The India deal was from vultures eating carcasses of cattle & buffalo that had been administered diclofenac, a non-steroidal anti-inflammatory drug... kinda like many folks on this board (and others I've visited) seem to advocate using Banamine (flunixin) on their animals like it was 'magic water'. It was not a purposeful 'poisoning', but an accidental lethal event. To my knowledge, flunixin does not cause death of our buzzards... but I don't know that anyone has purposely fed meat from Banamine-treated animals to captive buzzards.
I've been involved, peripherally, in cases where people 'spiked' deer carcasses with Furadan (carbofuran) insecticide... ostensibly to kill coyotes... but when someone stumbles upon that carcass with multiple dead animals around it - including hawks & eagles - the Feds get pretty upset, and the fines/jail time are nothing to sneeze at. Even if it didn't kill 'protected' species, injecting licensed pesticides like Furadan or Golden Malrin into a carcass can get you in trouble - if you get caught - for improper use of a pesticide &/or environmental contamination.

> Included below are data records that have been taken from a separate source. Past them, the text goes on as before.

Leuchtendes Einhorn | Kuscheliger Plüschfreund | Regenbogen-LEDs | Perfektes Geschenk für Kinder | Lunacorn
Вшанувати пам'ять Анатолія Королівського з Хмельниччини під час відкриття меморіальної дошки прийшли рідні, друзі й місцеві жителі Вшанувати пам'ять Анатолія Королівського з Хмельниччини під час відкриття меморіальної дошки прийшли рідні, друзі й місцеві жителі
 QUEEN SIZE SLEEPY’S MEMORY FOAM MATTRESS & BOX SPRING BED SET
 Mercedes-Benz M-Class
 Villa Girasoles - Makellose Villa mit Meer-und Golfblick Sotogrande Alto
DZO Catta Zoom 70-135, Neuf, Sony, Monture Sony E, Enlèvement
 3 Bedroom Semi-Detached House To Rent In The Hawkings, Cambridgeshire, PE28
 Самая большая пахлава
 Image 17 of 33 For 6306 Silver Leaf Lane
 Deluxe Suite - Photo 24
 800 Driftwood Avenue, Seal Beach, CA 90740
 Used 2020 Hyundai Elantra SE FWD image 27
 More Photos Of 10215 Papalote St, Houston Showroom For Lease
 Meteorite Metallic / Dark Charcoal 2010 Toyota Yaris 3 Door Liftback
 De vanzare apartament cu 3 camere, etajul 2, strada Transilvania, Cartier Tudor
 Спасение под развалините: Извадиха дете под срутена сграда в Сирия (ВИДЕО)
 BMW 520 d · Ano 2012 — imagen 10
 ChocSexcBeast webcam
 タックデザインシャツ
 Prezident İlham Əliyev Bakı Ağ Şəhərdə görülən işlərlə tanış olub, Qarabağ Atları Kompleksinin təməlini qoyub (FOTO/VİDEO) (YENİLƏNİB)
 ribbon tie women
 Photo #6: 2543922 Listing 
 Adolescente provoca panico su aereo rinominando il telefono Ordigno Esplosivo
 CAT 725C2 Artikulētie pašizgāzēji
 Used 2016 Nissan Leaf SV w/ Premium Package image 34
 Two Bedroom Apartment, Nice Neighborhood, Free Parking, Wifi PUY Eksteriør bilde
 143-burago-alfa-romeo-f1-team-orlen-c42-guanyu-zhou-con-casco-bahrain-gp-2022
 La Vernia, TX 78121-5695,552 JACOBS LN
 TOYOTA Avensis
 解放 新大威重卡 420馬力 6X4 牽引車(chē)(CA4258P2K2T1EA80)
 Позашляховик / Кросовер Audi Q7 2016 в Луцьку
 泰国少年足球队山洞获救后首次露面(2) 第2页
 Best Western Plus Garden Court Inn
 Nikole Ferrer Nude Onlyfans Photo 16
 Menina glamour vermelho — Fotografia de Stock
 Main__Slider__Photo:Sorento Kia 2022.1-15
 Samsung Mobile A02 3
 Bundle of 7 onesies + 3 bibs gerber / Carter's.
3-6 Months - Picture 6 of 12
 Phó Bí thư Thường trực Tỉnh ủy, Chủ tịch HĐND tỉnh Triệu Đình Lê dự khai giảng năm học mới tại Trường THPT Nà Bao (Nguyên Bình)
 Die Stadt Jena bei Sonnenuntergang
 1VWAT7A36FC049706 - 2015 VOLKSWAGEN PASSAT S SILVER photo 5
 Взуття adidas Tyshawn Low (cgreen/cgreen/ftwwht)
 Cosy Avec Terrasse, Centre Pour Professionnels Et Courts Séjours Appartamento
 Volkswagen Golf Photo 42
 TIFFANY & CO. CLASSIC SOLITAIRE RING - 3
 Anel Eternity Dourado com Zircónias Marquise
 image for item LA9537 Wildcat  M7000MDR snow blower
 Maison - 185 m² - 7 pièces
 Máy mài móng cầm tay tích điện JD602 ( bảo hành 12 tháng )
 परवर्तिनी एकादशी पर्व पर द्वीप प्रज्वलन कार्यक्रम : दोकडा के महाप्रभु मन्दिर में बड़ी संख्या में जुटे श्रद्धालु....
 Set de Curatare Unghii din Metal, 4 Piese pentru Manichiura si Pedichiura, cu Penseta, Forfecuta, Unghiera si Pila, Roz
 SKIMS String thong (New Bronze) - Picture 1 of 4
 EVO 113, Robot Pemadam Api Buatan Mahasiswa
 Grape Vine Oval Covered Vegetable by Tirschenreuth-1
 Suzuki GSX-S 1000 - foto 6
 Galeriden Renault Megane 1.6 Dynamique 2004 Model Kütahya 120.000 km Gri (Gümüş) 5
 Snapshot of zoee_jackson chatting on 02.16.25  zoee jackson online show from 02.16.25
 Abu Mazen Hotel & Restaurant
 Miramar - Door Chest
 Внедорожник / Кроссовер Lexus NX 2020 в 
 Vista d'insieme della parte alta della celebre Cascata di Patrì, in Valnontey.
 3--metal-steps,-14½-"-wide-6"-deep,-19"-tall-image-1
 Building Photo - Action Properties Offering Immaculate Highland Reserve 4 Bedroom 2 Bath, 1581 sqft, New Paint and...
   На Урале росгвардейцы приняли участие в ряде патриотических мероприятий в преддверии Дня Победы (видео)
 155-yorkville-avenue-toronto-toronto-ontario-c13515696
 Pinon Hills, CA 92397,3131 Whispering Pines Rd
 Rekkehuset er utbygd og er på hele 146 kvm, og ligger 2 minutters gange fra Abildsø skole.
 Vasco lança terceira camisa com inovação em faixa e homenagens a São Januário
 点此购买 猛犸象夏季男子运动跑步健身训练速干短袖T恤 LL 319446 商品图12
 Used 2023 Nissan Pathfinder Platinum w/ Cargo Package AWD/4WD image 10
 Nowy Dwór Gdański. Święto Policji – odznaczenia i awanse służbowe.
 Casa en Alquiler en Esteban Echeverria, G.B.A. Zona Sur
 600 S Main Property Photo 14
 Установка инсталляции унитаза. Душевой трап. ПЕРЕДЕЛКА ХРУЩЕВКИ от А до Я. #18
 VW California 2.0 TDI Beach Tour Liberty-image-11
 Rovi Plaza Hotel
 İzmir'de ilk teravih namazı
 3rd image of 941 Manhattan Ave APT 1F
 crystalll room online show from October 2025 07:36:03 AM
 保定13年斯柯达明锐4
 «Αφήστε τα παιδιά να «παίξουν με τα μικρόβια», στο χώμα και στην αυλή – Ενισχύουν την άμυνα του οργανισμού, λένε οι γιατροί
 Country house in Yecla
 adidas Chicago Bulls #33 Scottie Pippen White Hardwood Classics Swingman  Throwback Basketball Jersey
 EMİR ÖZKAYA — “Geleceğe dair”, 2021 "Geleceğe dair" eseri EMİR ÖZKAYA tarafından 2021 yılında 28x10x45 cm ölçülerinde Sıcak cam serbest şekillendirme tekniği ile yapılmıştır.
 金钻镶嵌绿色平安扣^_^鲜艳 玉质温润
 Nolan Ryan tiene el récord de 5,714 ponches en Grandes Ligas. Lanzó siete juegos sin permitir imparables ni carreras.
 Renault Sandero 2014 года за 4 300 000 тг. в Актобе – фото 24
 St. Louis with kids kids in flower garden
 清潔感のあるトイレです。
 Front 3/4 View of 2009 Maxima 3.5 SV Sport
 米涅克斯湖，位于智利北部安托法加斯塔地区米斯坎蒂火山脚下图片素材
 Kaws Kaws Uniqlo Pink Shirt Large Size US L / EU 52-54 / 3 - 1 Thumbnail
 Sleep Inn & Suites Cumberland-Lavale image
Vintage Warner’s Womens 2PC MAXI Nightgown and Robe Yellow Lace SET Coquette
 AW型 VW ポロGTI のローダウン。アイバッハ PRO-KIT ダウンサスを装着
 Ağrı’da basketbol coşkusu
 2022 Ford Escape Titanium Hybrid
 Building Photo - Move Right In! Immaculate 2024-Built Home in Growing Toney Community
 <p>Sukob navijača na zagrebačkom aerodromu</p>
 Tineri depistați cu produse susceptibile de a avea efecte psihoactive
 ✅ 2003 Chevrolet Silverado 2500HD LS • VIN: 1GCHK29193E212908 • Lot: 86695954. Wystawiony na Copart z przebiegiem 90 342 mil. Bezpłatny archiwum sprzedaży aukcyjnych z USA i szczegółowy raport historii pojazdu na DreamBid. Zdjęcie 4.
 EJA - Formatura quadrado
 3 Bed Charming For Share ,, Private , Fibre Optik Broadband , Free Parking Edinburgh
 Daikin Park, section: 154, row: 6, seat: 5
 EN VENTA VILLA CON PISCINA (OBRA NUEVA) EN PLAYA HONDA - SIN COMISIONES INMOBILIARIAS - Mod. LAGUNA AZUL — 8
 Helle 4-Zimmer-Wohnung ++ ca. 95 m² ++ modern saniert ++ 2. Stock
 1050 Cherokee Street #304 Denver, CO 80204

Back to the original post... I wasn't there, I didn't see them, and I'm not throwing shade on the OP... but based on the time of year (late Feb) I'm suspicious that these adult cows may have been down or dead from grass tetany (hypomagnesemia) or... and this is common in KY... malnutrition (I've seen that old saw, "February breaks 'em, March takes 'em" proven out far too many times) . Once they're on the ground and unable to escape or fight, they're at risk, regardless of predator/scavenger species. I just cannot imagine black buzzards being able to kill a live, healthy, ambulatory adult cow.